Li, Z. - Presenter, Northwestern University
Bucior, B., Northwestern University
Snurr, R., Northwestern University
Machine learning, as it gains more and more usefulness in computational research, has been successfully used to study nanoporous materials such as zeolites and metal-organic frameworks (MOFs). Recently, Bucior et al. published a study1 using histograms of the guest/host energy as features for LASSO, which is a linear regression machine learning method, to investigate and predict the top candidates for hydrogen and methane storage in MOFs. In this work, we refined the energy histogram methodology and extended it to longer alkanes such as ethane, propane, and n-hexane. Energy histograms are now automatically aggregated without pre-determined bin sizes such that if a range of energy values has more counts, it is represented with more bins in the histogram. To test our new methodology, we performed grand canonical Monte Carlo (GCMC) simulations for materials from the ToBaCCo set of MOF structures2. Both linear and non-linear models such as LASSO,3 Random Forest,4 and Neural Nets (NN)5 were used to develop machine learning models to predict adsorption. We find that the size of the molecule plays a big role in determining which ML methods work best. For ethane, simple linear regression (LASSO) works well, but for propane and hexane we must turn to non-linear methods (RF and NN).

For n-hexane, we found a large number of outliers in the parity plot of ML versus GCMC. We determined that these outliers correspond to points on the adsorption isotherm near the point of condensation in the pores. Through machine learning, we were able to find that the GCMC simulations had not converged. Thus, the error was in the simulation and not the ML model. These un-converged points are nearly impossible to identify by looking at error bars generated from GCMC simulations because the systems remain trapped in one state and appear converged. Thus, we discovered a way to improve the quality of high-throughput screening using molecular simulations at these critical conditions through machine learning.

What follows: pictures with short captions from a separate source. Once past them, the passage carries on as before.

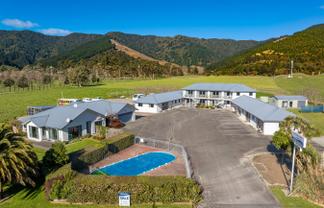 Queen Charlotte Drive. Home & Income Opportunity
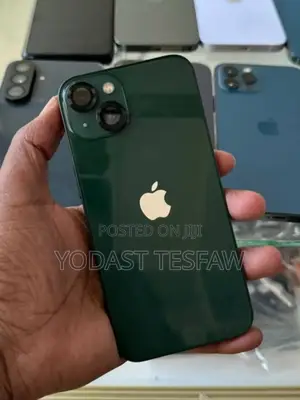 Apple iPhone 13 128 GB Green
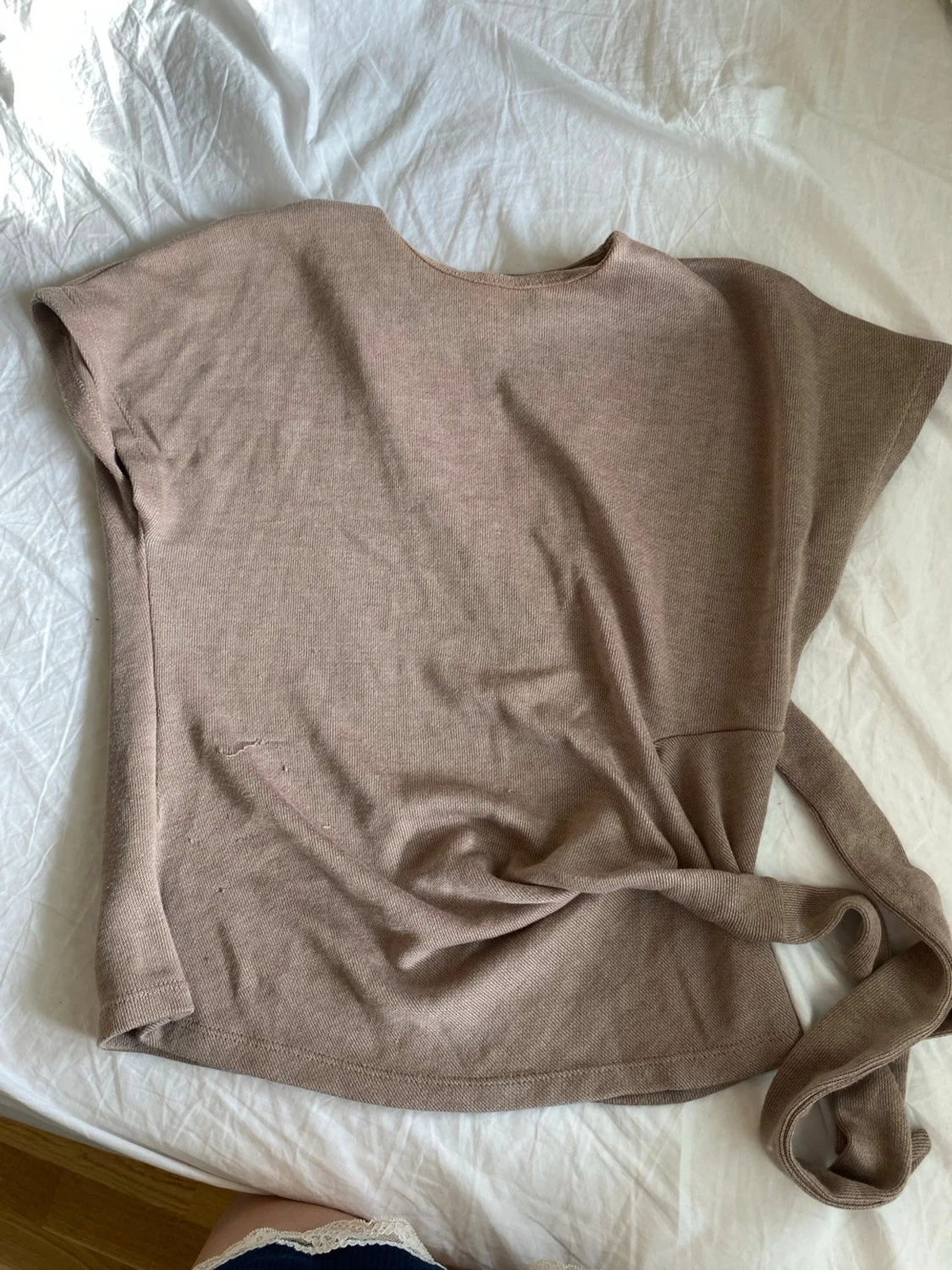 Beige topp med knyt från Zara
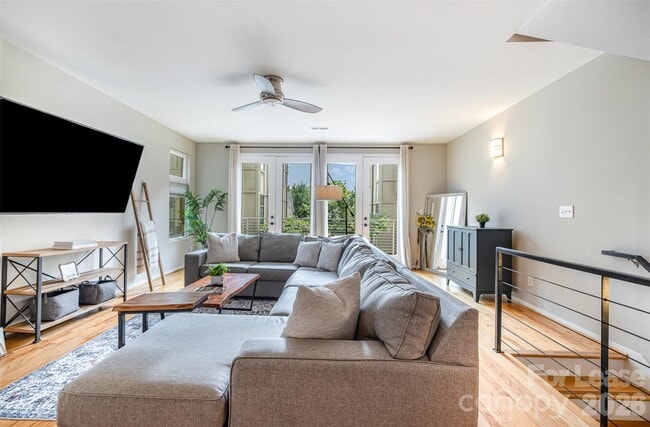 Building Photo - 925 Westbrook Dr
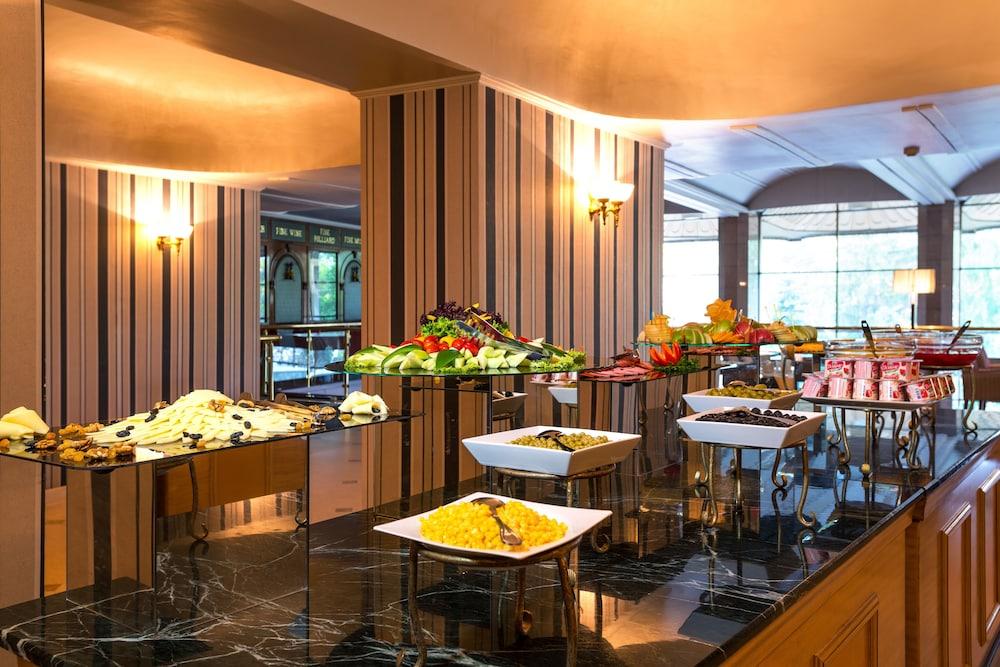 Kazakhstan Otel 4*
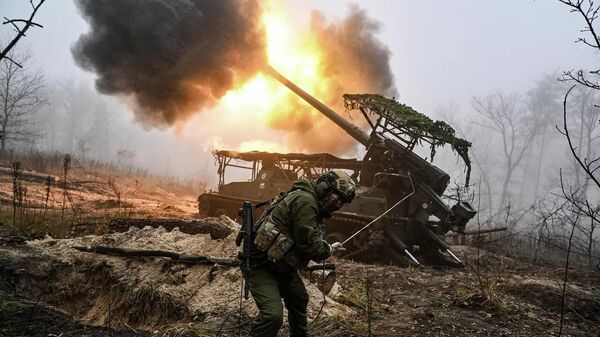 طاقم مدفعية أثناء تأدية واجبه في المنطقة العسكرية الشمالية الشرقية. صورة أرشيفية. - سبوتنيك عربي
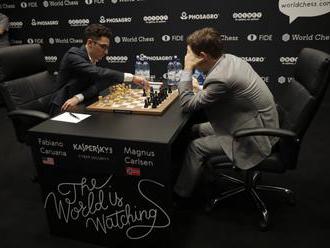 Súboj o titul svetového šampióna v šachu priniesol po viac ako štyroch hodinách tretí pat
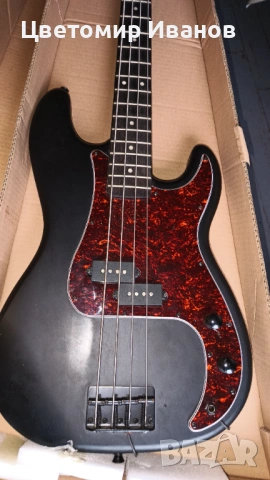 Нова Бас Китара Harley Benton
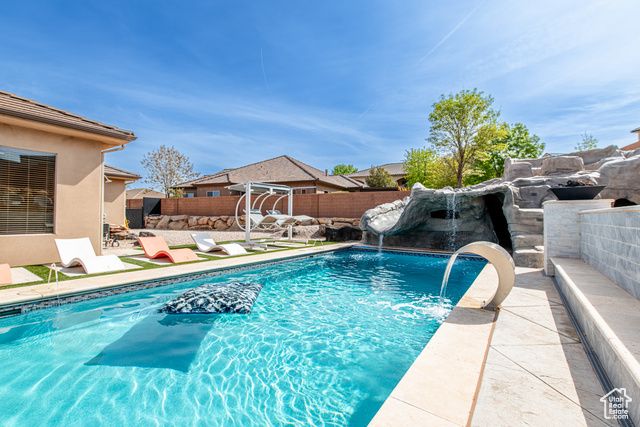 1166 E COLT AVE, Washington, UT 84780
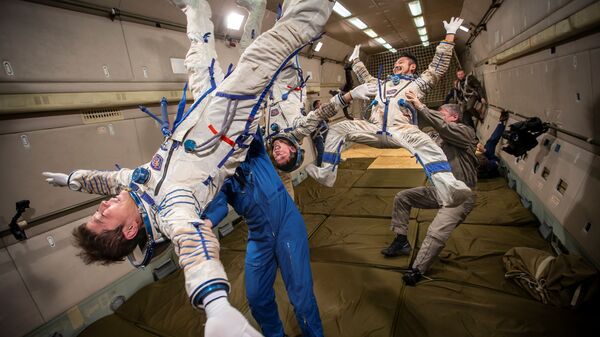 يقوم المشاركون في رحلة الفضاء، يوساكو مايزاوا ويوزو هيرانو والمشارك الاحتياطي شون أوجيسو، برحلة بدون جاذبية أثناء التدريب قبل الرحلة الاستكشافية إلى محطة الفضاء الدولية في منطقة موسكو، روسيا في 28 سبتمبر 2021. - سبوتنيك عربي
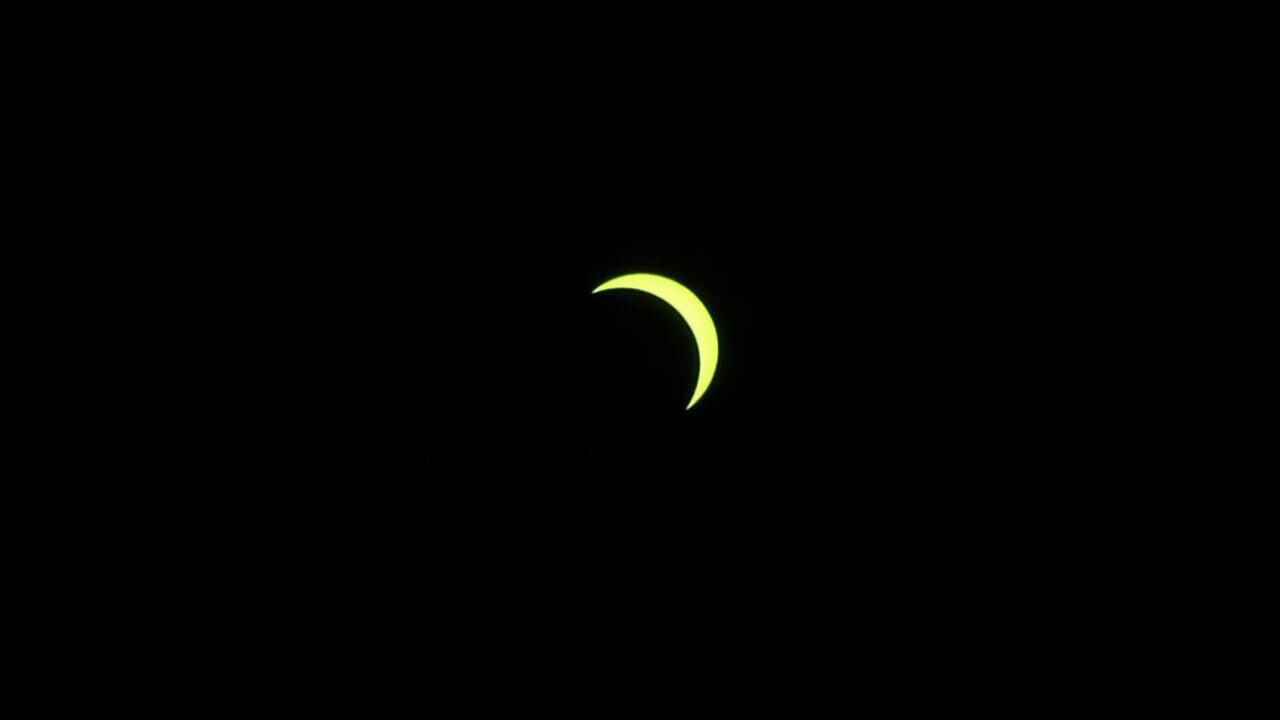 Foxhol in de ban van bijzondere zonne-eclips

We also tested additional new features to compensate information loss when constructing one-dimensional histograms from the three-dimensional energy grids. Additionally, the new energy histogram algorithm shows robustness when predicting selectivity for Xe/Kr separation.


References:

(1) Bucior, B. J.; Bobbitt, N. S.; Islamoglu, T.; Goswami, S.; Gopalan, A.; Yildirim, T.; Farha, O. K.; Bagheri, N.; Snurr, R. Q. Energy-Based Descriptors to Rapidly Predict Hydrogen Storage in Metal–Organic Frameworks. Mol. Syst. Des. Eng. 2019, 4 (1), 162–174. https://doi.org/10.1039/C8ME00050F.

(2) Colón, Y. J.; Gómez-Gualdrón, D. A.; Snurr, R. Q. Topologically Guided, Automated Construction of Metal–Organic Frameworks and Their Evaluation for Energy-Related Applications. Cryst. Growth Des. 2017, 17 (11), 5801–5810. https://doi.org/10.1021/acs.cgd.7b00848.

(3) Tibshirani, R. Regression Shrinkage and Selection via the Lasso. J. R. Stat. Soc. Ser. B Methodol. 1996, 58 (1), 267–288.

(4) Liaw, A.; Wiener, M. Classification and Regression by RandomForest. 2002, 2, 5.

(5) Abadi, M.; Barham, P.; Chen, J.; Chen, Z.; Davis, A.; Dean, J.; Devin, M.; Ghemawat, S.; Irving, G.; Isard, M.; Kudlur, M.; Levenberg, J.; Monga, R.; Moore, S.; Murray, D. G.; Steiner, B.; Tucker, P.; Vasudevan, V.; Warden, P.; Wicke, M.; Yu, Y.; Zheng, X. TensorFlow: A System for Large-Scale Machine Learning. In 12th USENIX Symposium on Operating Systems Design and Implementation (OSDI 16); 2016; pp 265–283.